All chief executives should ensure that the requirements of the Act are brought to the attention of their agencies. Agencies should review their operations to determine if any changes should be made. Where changes do not have to be finalised until 1 March 2007, any changes should be introduced gradually to ensure that any additional costs are avoided or minimised.
In non-heritage buildings, the Royal arms should be replaced with the State arms when refurbishments or structural changes are made to those buildings. Any cost associated with such changes will have to be met from the existing resources for the proposed building work.
In buildings of heritage significance, where agencies consider that the Royal arms should be retained, the Minister responsible for the agency should write to the Premier setting out the reasons in support of retention so that the Premier may consult with the Heritage Council. Agencies should note that the Act requires the State arms to be displayed in a prominent position in conjunction with the Royal arms in any building where they are retained.
The Act also requires that where Royal arms which are in a sculptured or durable form are to be removed or replaced (for example, where they are removed from a building or where a seal or other non-fixture is to be replaced), these should be housed or otherwise dealt with as directed by the Premier after consultation with the Heritage Council. If any Royal arms are proposed to be removed, the Minister responsible for the agency should write to the Premier seeking direction on how those arms should be housed or conserved as part of the heritage of New South Wales.
Col Gellatly Director-General
Issued: The Cabinet Office Contact: Anthony Lean, Policy Manager, Legal Branch Phone: 9228 5543 E-Mail: [email protected]
Well.
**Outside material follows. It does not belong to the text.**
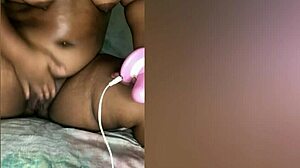 naughty christmas eve brazilian wife can't wait for husband masturbates wildly with vibrator massage toy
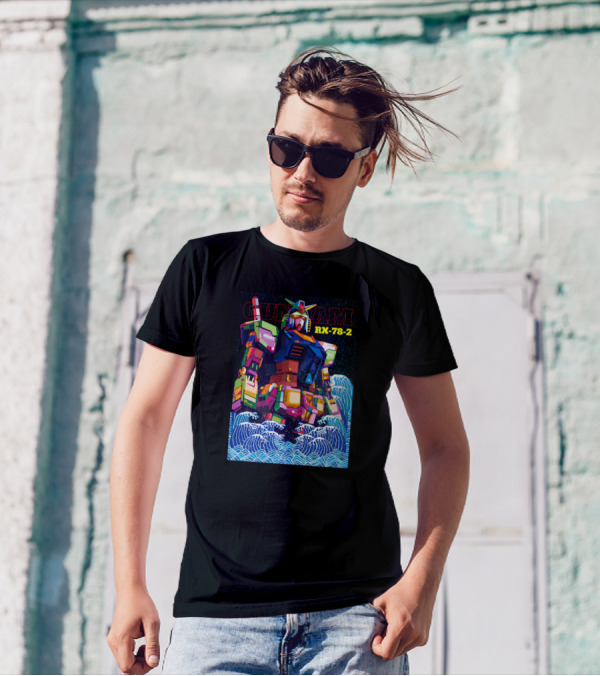 Gundam RX-78-2 Retro Wave And Ocean T-Shirt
I suppose with the drought, the transport breakdowns, the failure to provide infrastructure, the problems with law and order, the government has the time , and our money, to engage in these republican antics.
This recalls aspects of Orwell’s 1984.
Take away the people’s memory, make them forget their heritage.
Then the elites can change society to the way they really want it.
Until next time,
In a recent column, "QUEEN DEFIANT", I referred to last Sunday’s Herald Sun as being dated 14 July, 2005. That of course should have read 10 July, 2005. My apologies if that caused you any problems.